Dear Sixties Aficionados, Scholars, and Relentless Activists:
I'm a student at Claremont McKenna College in Claremont, California, and I
recently completed my senior thesis on white student radicalism at the
Claremont Colleges between 1966 and 1970. Although I've already submitted
the thesis, I intend to significantly expand my paper and deposit the
narrative history in the College Archives. Before I continue with my
project, however, I was hoping that some members of this list might shed
some light on a few questions I have:
1. What ever happened to Timothy Peebles? Peebles was the San Francisco
State Black Student Union (BSU) member who accidentally blew himself up on
March 5, 1969, while planting a bomb in the SF State Creative Arts Building.
Claremont had bombings at Pomona and Scripps Colleges (two of the
undergraduate schools that comprise the Claremont Colleges) in late February
of that year, and investigators linked the devices to an earlier explosion
at Southwestern College in Los Angeles. After the SF State explosion,
Peebles became the main suspect in the Claremont bombings, although charges
were never filed (the Claremont bombings occurred right before the Pomona
College faculty was set to vote on the Claremont BSU's plan for an
autonomous Black Studies Center).
2. Are there any dissertations, papers, articles, or monographs that
explore how campus clergy fostered and channeled student dissent at colleges
and universities and the extent of their involvement in radical activism?
The Claremont chaplains led marches and rallies, established a draft
counseling center, and delivered radical sermons during chapel services.
Claremont Colleges Chaplain James Joseph, who later served as President
Clinton's ambassador to South Africa, once delivered a sermon endorsing the
Black Manifesto penned by James Forman. Essentially, the Claremont clergy
turned the campus religious activities center into the physical and
spiritual hub of white radical activism on campus.

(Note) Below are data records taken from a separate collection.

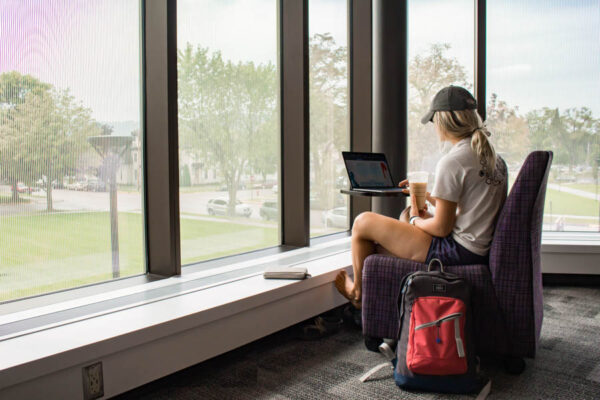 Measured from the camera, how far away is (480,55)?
426 cm

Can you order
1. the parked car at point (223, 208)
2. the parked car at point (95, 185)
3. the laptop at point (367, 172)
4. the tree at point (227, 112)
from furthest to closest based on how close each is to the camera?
1. the laptop at point (367, 172)
2. the parked car at point (223, 208)
3. the tree at point (227, 112)
4. the parked car at point (95, 185)

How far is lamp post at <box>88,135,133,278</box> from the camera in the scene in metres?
2.38

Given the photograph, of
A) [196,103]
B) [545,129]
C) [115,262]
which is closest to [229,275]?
[115,262]

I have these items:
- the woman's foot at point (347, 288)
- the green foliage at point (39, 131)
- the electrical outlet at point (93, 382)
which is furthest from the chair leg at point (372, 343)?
the green foliage at point (39, 131)

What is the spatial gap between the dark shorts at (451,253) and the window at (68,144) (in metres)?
1.50

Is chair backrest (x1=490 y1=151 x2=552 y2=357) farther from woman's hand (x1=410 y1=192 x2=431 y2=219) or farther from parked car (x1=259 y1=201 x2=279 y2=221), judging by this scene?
parked car (x1=259 y1=201 x2=279 y2=221)

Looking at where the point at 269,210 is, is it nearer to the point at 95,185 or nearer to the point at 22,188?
the point at 95,185

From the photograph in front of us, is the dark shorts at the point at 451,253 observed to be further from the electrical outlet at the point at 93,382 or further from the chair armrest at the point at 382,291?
the electrical outlet at the point at 93,382

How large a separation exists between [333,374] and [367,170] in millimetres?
1459

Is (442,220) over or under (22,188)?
under

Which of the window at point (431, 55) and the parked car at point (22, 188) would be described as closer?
the parked car at point (22, 188)

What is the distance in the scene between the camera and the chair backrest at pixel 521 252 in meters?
2.11

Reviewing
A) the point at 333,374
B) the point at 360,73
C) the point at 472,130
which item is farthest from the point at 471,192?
the point at 360,73

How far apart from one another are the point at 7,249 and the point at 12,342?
52cm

Doug Rossinow's book (The Politics of Authenticity) explores how the
University of Texas-Austin YM/YWCA and the Christian-Faith-and-Life
Community fostered liberal dissent in the early Sixties. However, once he
starts discussing the latter New Left (1966-1970), the religious aspect
disappears from his narrative. Ken Heineman's Campus Wars occasionally
makes reference to clergy activism at the four public colleges he profiled
(Michigan State, SUNY-Buffalo, Kent State, and Penn State). Are there any
historiographical materials that specifically examine the activist role
played by campus clergy?
3. Are there any dissertations, papers, articles, or monographs that
explore campus radicalism at small, private liberal arts colleges? I would
like to compare Claremont activism to the radical activities at comparable
4. Do you know any former Claremont activists who are willing to share
their experiences? The student and community newspapers mention the same
five or so names in every article on student dissent. (FYI, one of those
names is Jim Miller, a former Pomona student and radical anarchist who
attended the 1969 SDS convention supporting Murray Bookchin's anarchist
platform. Miller later wrote Democracy Is in the Streets, which led the
Sixties historiographical avalanche of 1987 and prompted Tom Hayden to
complete his memoirs.) I would like to interview some of the activists who
weren't media darlings to get their opinion on the Movement leaders in
Claremont. Yes Claremont is a relatively small place, but I figure some
subscribers to this list might work with or otherwise know Claremont
Colleges alumni. Perhaps your "six degrees of separation" might produce a
few valuable leads. By the way, if anybody on this list knows the present
whereabouts of one Jim Kulk, I'd greatly appreciate your assistance in
tracking him down. Kulk was a Claremont Graduate School student and leader
of the SDS chapter there. I've inquired around Claremont, but nobody knows
what happened to him after he left in 1970 without completing his Ph.D.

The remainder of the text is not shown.